What this task involves - Every record must be repeated exactly; omit any pictures they contain.

----- Data shown

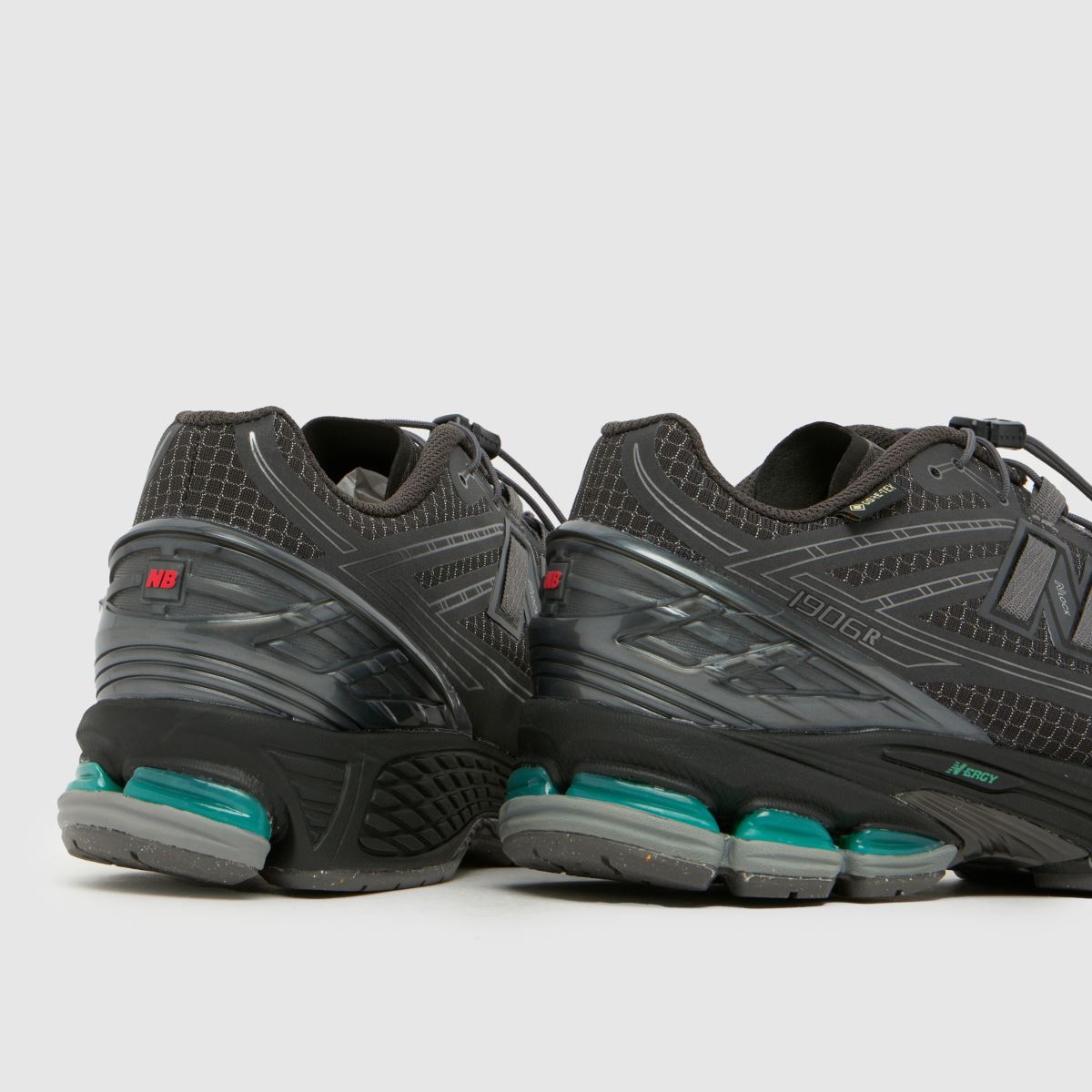 New Balance 1906 GORE-TEX in Black Multi New Balance 1906 GORE-TEX 7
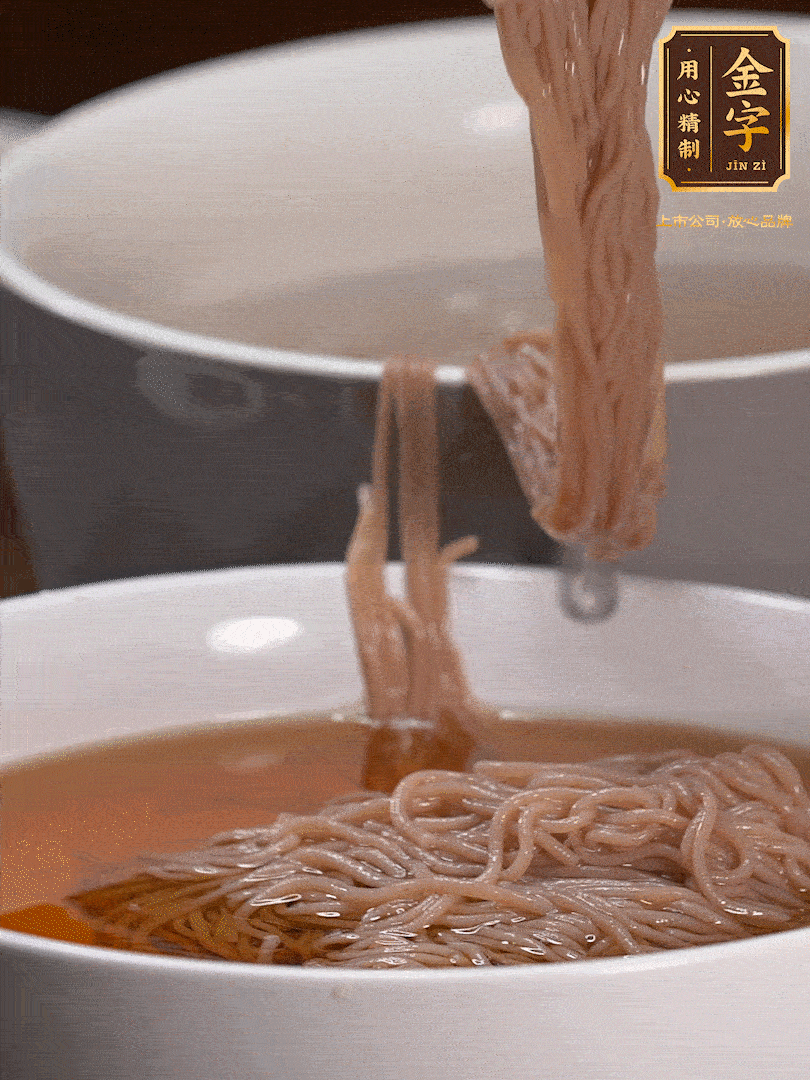 蘋(píng)果醋，一點(diǎn)鹽、糖、醬油，兌入涼白開(kāi)水調(diào)成簡(jiǎn)易冷面湯，放水箱冷藏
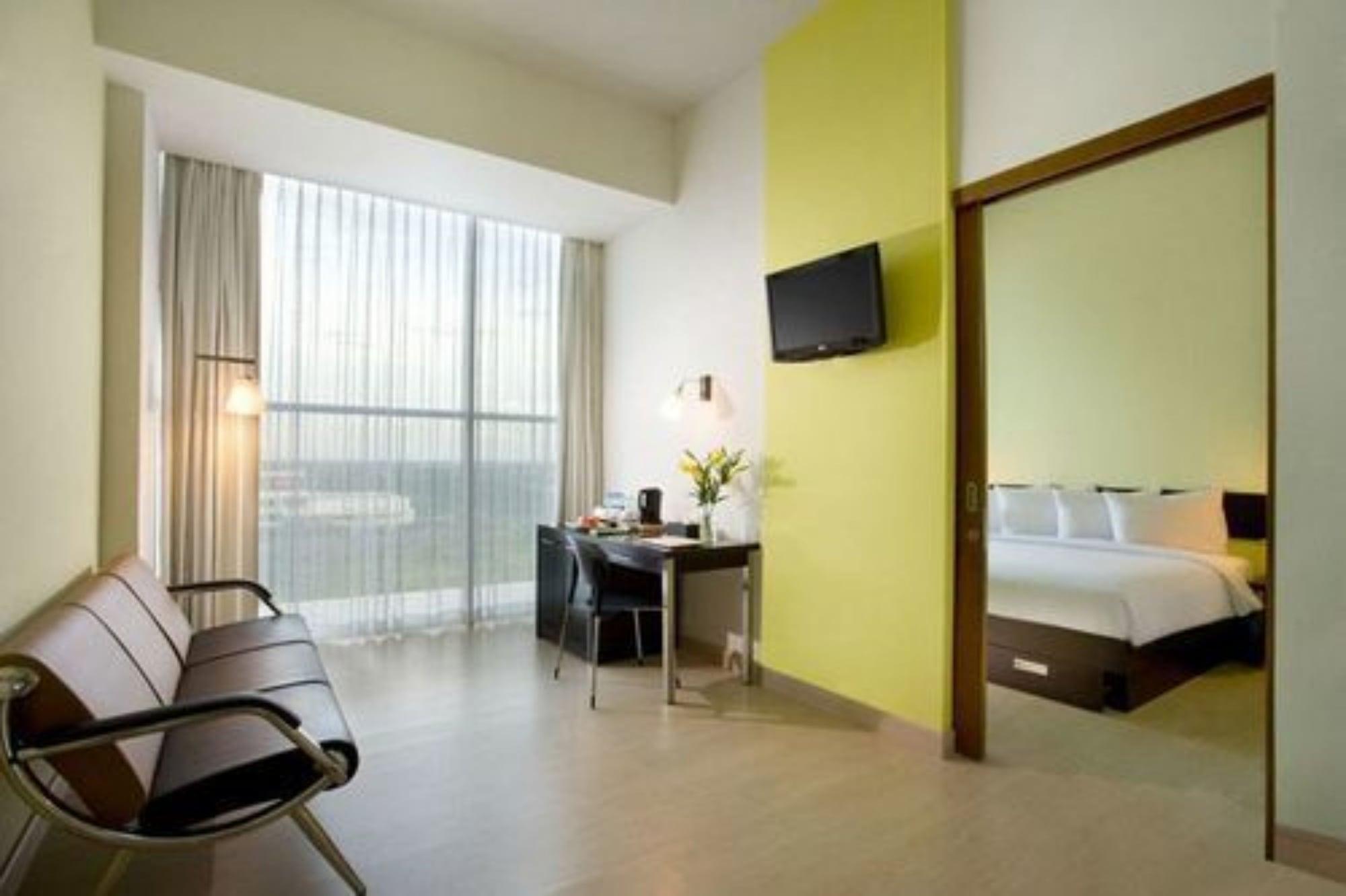 Hotel Santika Bsd City-Serpong Quarto foto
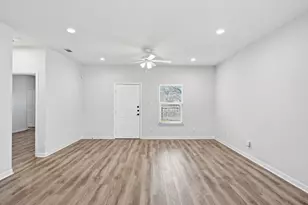 5504 Wellesley Ave, Fort Worth, TX 76107 - Photo 13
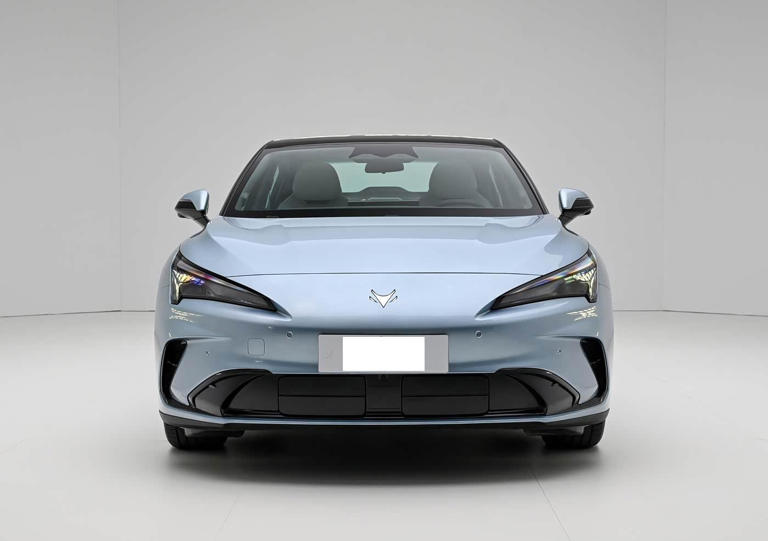 全新中型车即将上市！纯电／增程式双动力可选，搭载800V高压平台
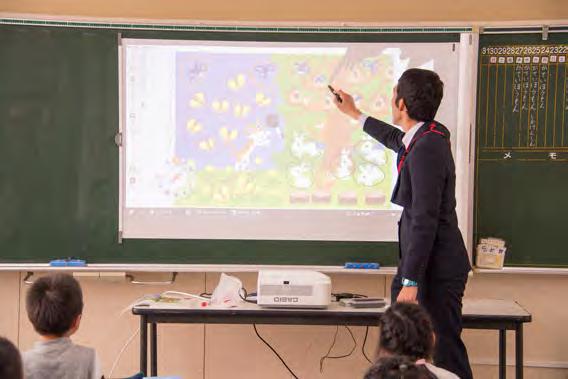 Tiến sĩ Kanji Akahori Tiến sĩ Kỹ thuật CChức vụ: Chủ tịch Hiệp hội Xúc tiến Công nghệ Giáo dục Nhật Bản (JAPET) Chủ tịch, ICT CONNECT 21 Việc sử dụng máy chiếu tại Trường tiểu học Asaba Higashi của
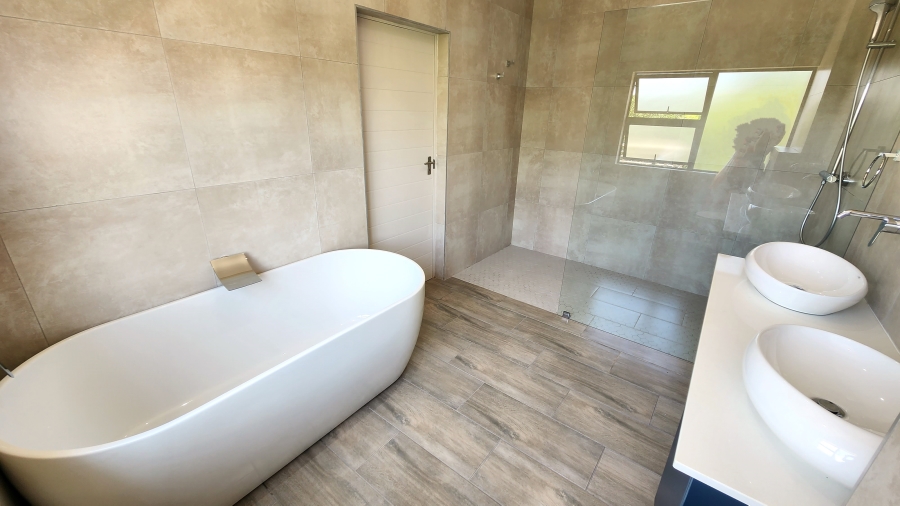 4 Bedroom Property for Sale in Elawini Lifestyle Estate Mpumalanga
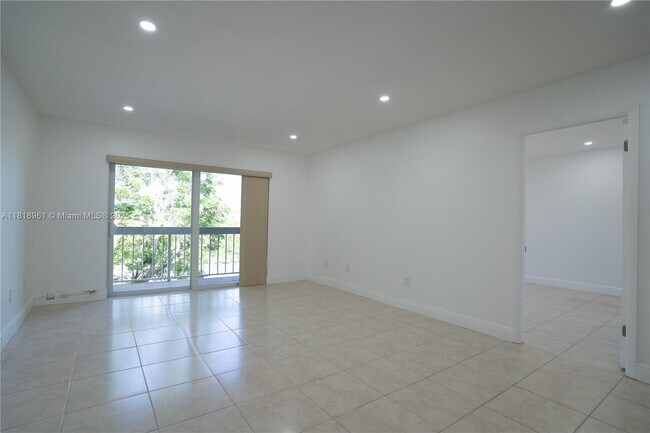 Building Photo - 7845 Camino Real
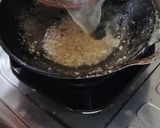 Foto langkah ke 2 dari resep Tumis Mie Kuning Basah.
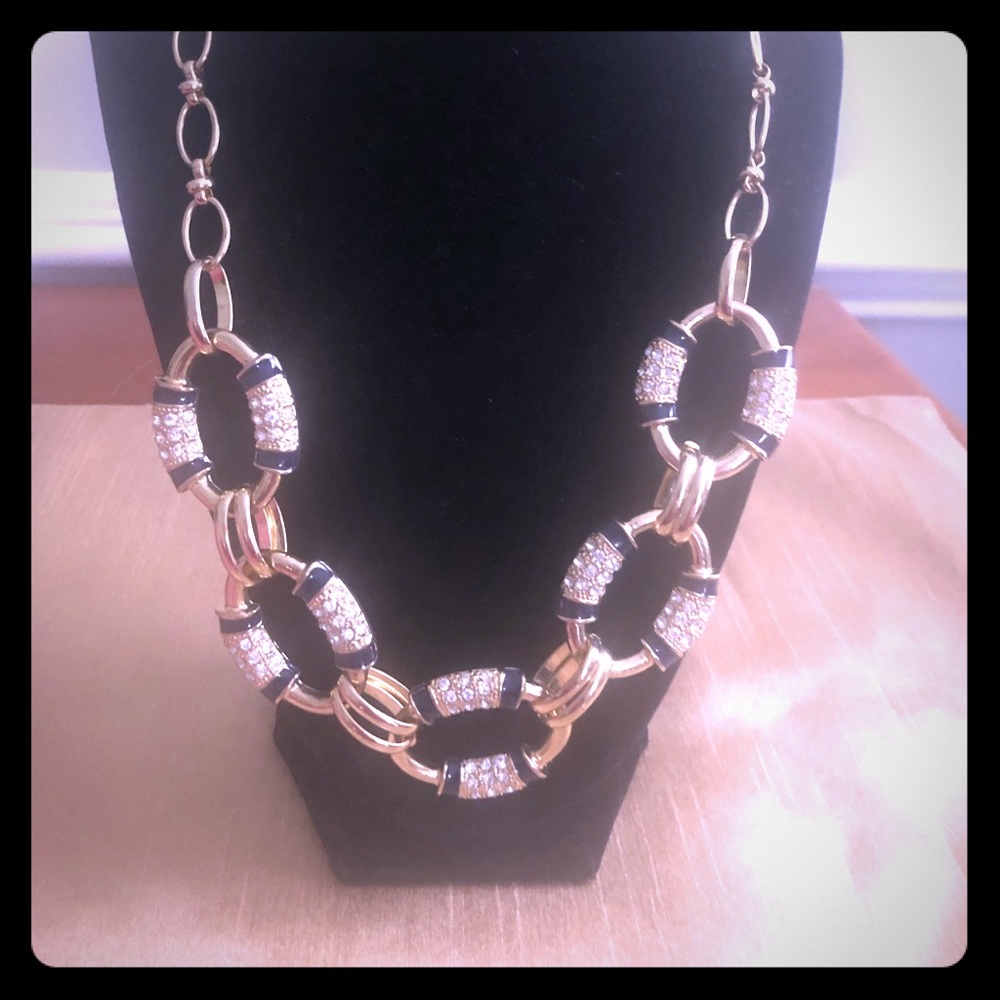 Banana Republic chunky necklace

----------

Written response -
 New Balance 1906 GORE-TEX in Black Multi New Balance 1906 GORE-TEX 7
 蘋(píng)果醋，一點(diǎn)鹽、糖、醬油，兌入涼白開(kāi)水調(diào)成簡(jiǎn)易冷面湯，放水箱冷藏
 Hotel Santika Bsd City-Serpong Quarto foto
 5504 Wellesley Ave, Fort Worth, TX 76107 - Photo 13
 全新中型车即将上市！纯电／增程式双动力可选，搭载800V高压平台
 Tiến sĩ Kanji Akahori Tiến sĩ Kỹ thuật CChức vụ: Chủ tịch Hiệp hội Xúc tiến Công nghệ Giáo dục Nhật Bản (JAPET) Chủ tịch, ICT CONNECT 21 Việc sử dụng máy chiếu tại Trường tiểu học Asaba Higashi của
 4 Bedroom Property for Sale in Elawini Lifestyle Estate Mpumalanga
 Building Photo - 7845 Camino Real
 Foto langkah ke 2 dari resep Tumis Mie Kuning Basah.
 Banana Republic chunky necklace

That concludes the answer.